WORK ITEM: Could you work out the number of lines in the listing that include the word "Columbus" and reply with that figure alone?

INPUT:

────

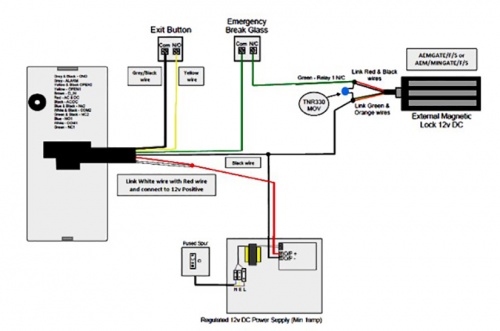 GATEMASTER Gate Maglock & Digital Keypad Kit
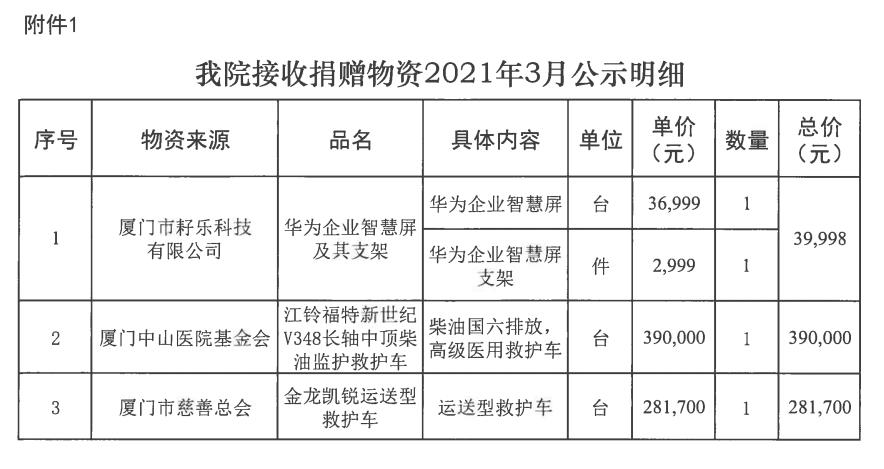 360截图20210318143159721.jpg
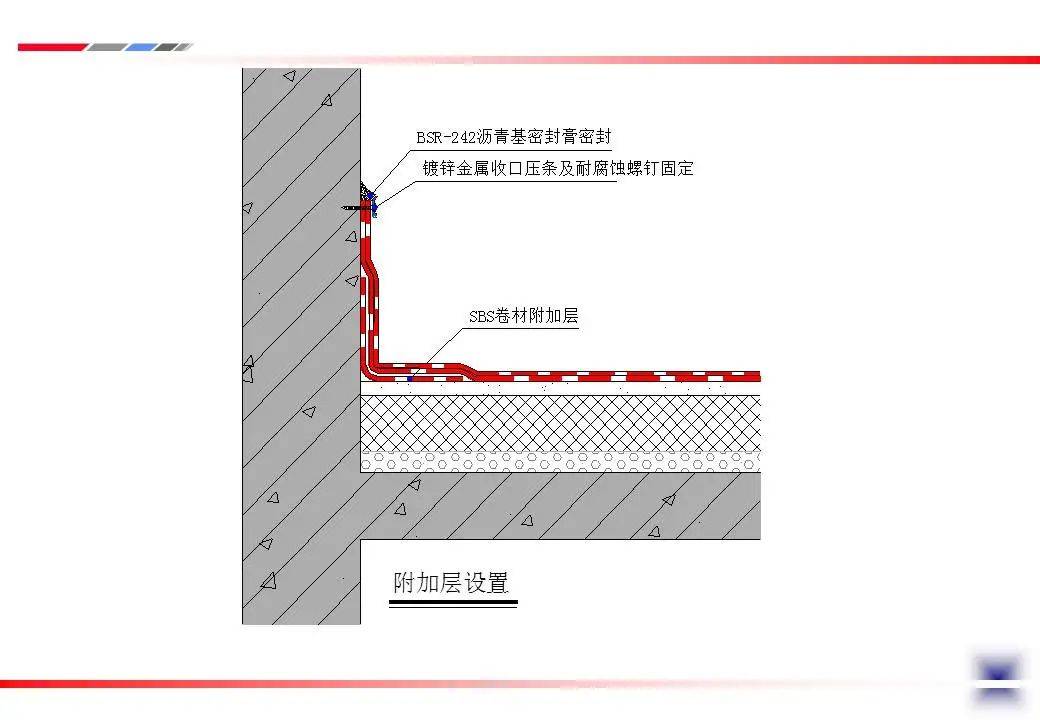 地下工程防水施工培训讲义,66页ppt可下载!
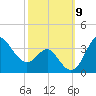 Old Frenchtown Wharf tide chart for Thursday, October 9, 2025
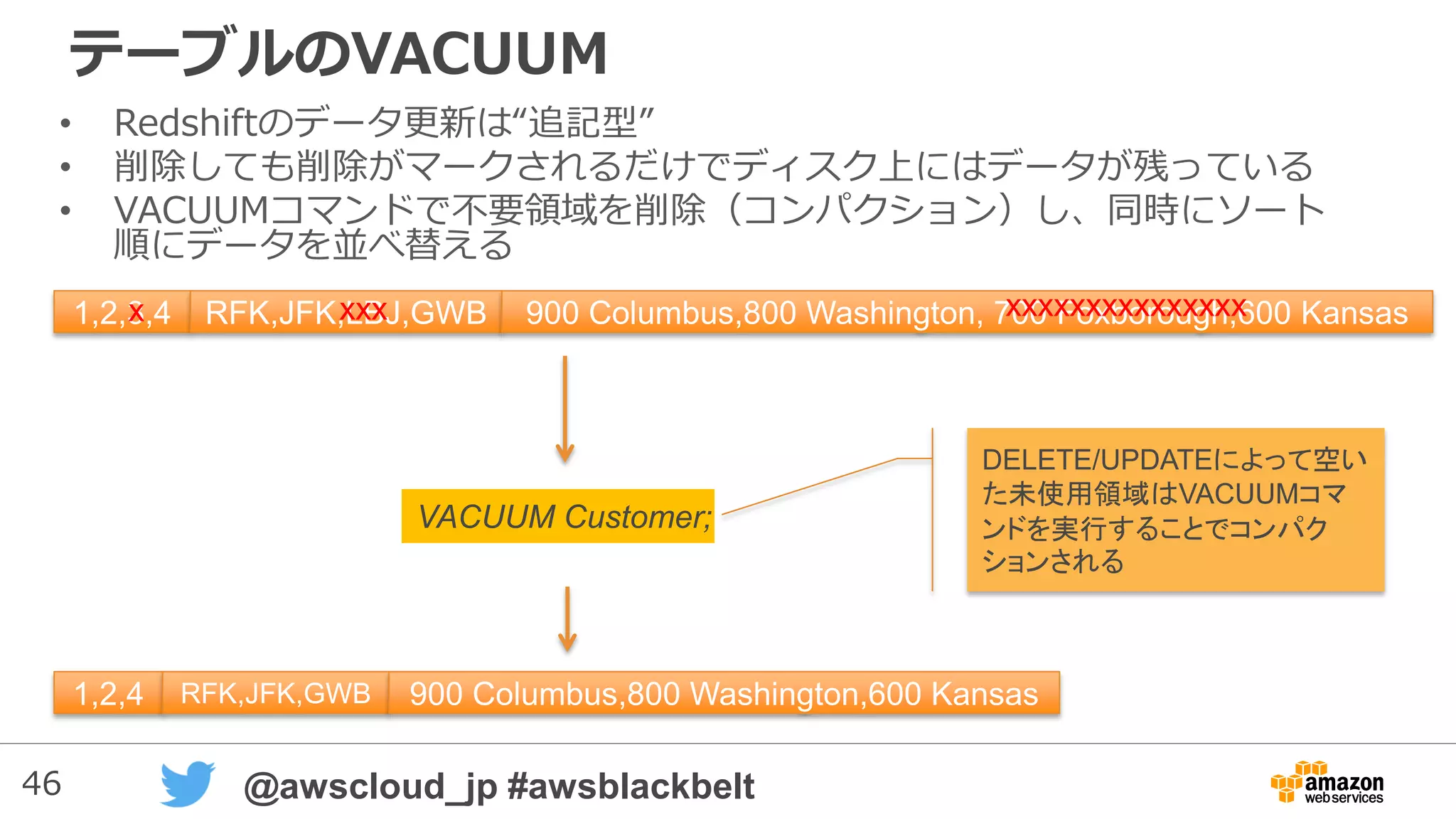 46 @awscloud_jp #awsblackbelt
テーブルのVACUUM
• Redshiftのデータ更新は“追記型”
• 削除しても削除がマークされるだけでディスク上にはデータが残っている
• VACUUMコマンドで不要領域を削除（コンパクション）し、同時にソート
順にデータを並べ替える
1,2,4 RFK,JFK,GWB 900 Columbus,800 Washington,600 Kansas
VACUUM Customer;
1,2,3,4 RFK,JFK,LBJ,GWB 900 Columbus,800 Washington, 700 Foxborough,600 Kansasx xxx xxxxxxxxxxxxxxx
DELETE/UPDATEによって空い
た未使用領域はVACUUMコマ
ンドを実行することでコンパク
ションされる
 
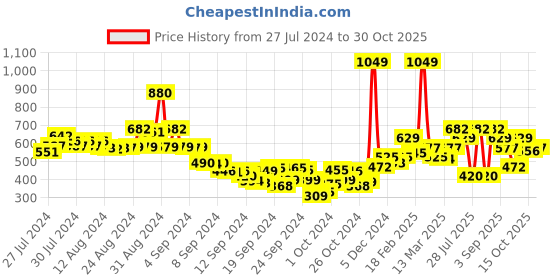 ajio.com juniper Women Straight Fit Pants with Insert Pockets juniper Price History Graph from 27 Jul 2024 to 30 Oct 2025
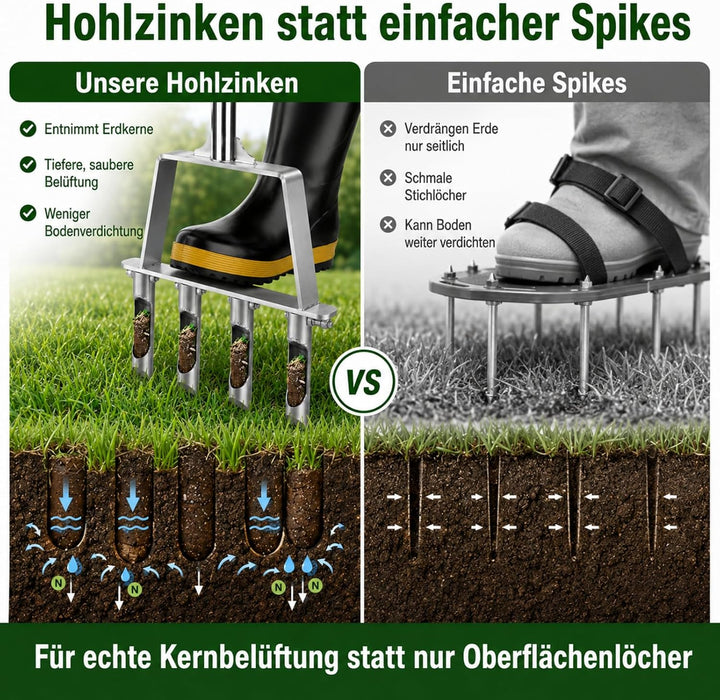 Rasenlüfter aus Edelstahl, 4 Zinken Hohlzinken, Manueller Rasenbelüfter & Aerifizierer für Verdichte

────

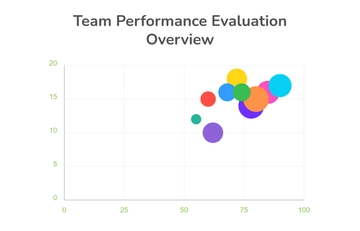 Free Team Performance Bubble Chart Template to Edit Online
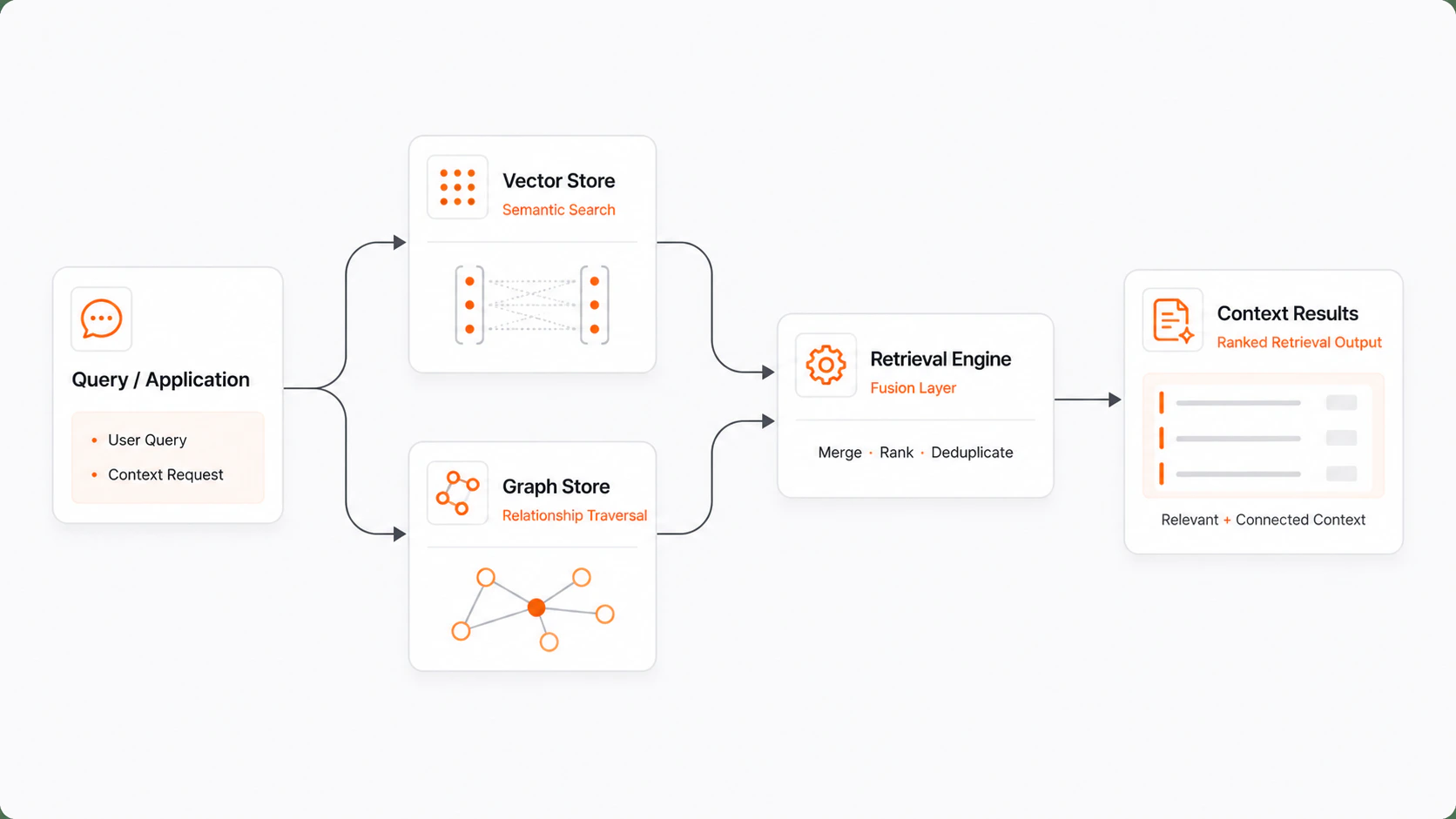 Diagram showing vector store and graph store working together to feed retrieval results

────

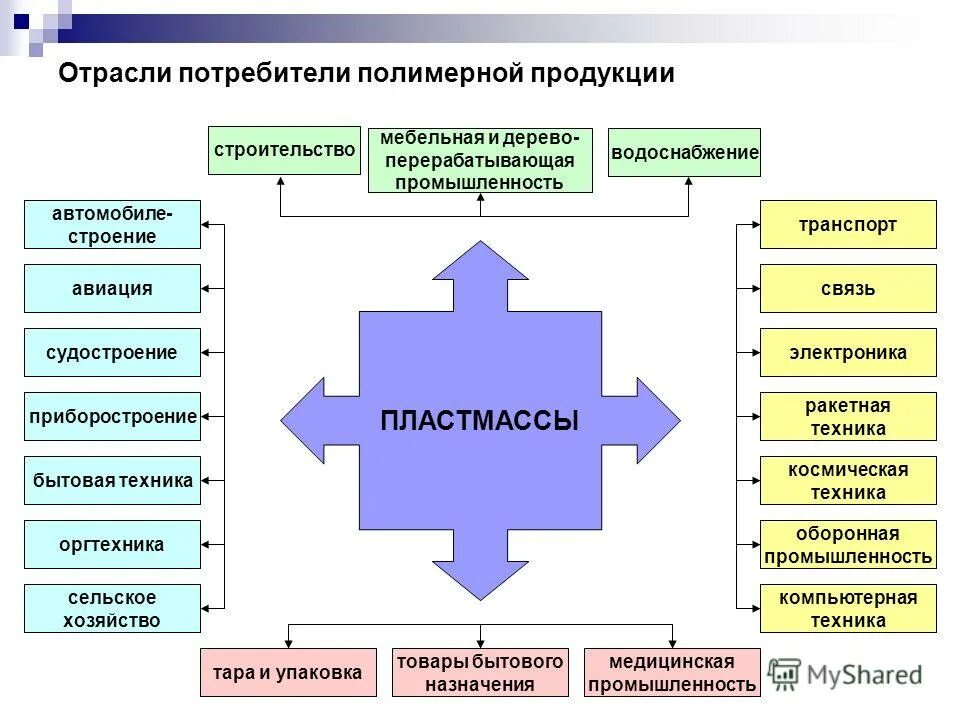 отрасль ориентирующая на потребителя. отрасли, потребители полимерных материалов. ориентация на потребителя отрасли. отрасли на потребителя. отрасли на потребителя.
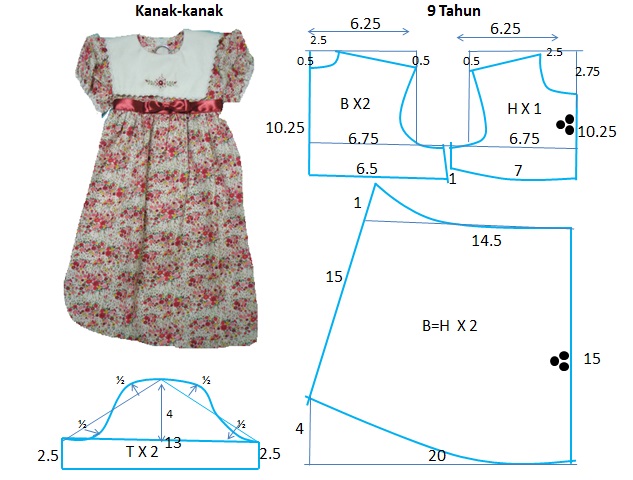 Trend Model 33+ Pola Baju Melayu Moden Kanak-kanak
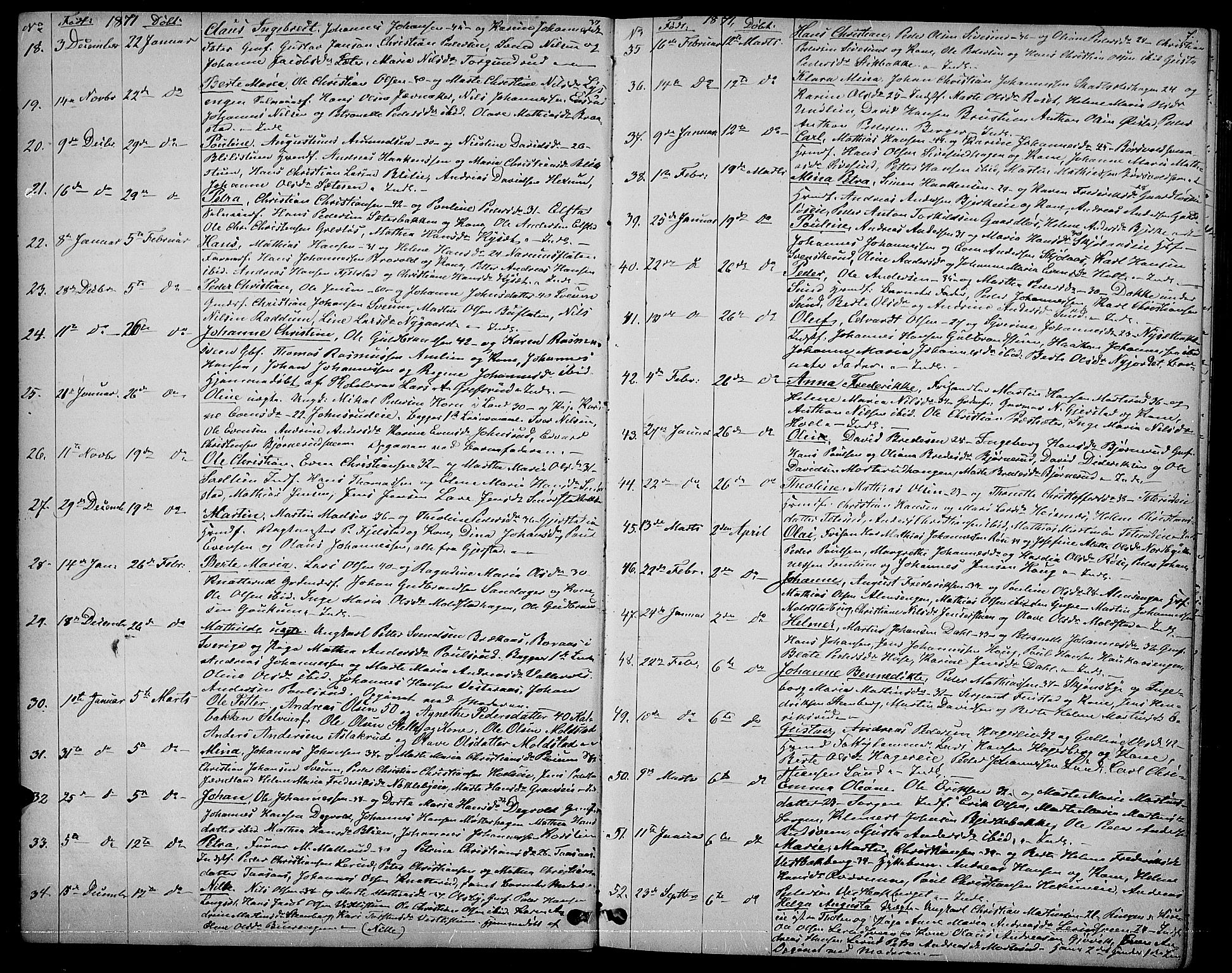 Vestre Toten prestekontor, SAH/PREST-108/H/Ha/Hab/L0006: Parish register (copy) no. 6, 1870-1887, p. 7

────

SOLUTION FOR THIS TASK: 2